There are a lot of things to consider if you are in the market for a new learning management system (LMS). Chances are, if you’re reading this, you have already been using an LMS for a while now, but it doesn’t meet all of your needs. You may be looking for a new LMS that doesn’t have as many challenges for yourself and your team. While this can be an excellent idea in some situations, you should be sure you consider all the facts. This is the best way to ensure the switch offers an improvement that everyone can benefit from.
Switching to a new LMS isn’t quite as simple when you consider the time that needs to be invested into learning the system and then making sure all users are comfortable with using it. In addition, the process involves migrating teams and content to the new software, as well as letting all learners know about the change.
Determine Problem Areas Associated with the Current LMS
Those who are thinking of switching to a new LMS will have an idea of why they are doing it. However, you should think about what each of those reasons is. It might also be an excellent idea to write down the reasons that you feel you need to switch. Communicate with all sorts of users, from managers to learners and content creators, so you have all the information you need. Take the time to nail down all of the current problem areas, so you choose new software that doesn’t have the same issues.
After you have a full idea of why the switch is needed and what features will combine to create a more successful product, you’ll find that choosing a new LMS is simple. You know what you want to achieve and can choose features that align with that.
Map Out and Compare Features
Once you have determined that a change is needed and identified pain points with the current LMS, it’s time to look at it in another way. Consider the software you use today and all the features it includes that you do not want to go without. While you go through this process, you can also determine which features you rarely or never use that you’re okay with going without. This gives you a basis for comparison.
When comparing against other LMS options, don’t immediately drop an option because it doesn’t have a feature. It could be implemented differently or come with another workaround.

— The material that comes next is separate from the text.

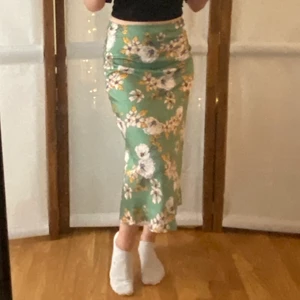 Tunn polyester kjol - Betala bara för frakt. Väger om du är intresserad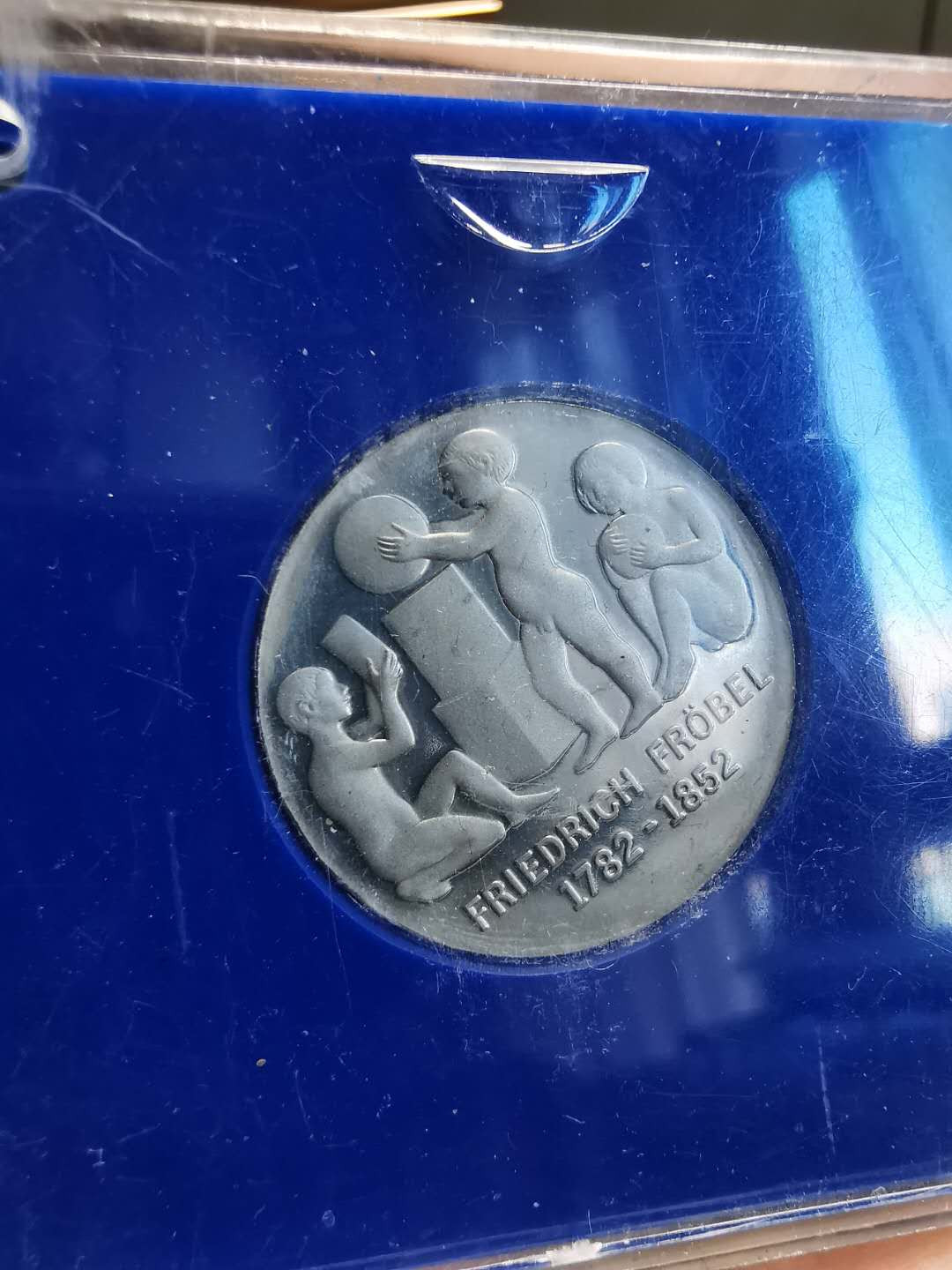 凡希社世界钱币微拍第一百四十七期年末捡漏专场 1982东德儿童教育家FROBEL纪念5马克精铸原盒！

Look at Features for User Engagement
Anyone who creates learning courses online appreciates when their content is used, and people engage with it. However, in an increasingly time-crunched world, it can be a serious challenge to get the workforce to spend time on training. Some good options for improving engagement levels are short learning modules, email courses, daily quizzes, and similar content. This ensures that learners get course content delivered to them even if they forget to visit the website on their own.
Variety of Content Types
Since you’re planning to switch to a new LMS, this could be an excellent time to look at new content types that your current LMS may not offer. With content creation being a long and laborious process, many LMSs offer a way to pull existing content, such as blog posts or YouTube videos, into the software. As an example, eLeaP offers the option of uploading files that are PowerPoints, PDFs, audio, pictures, video, SCORM, Microsoft Office, and more. When you select an LMS, looking for variety so you know you can use it for multiple applications.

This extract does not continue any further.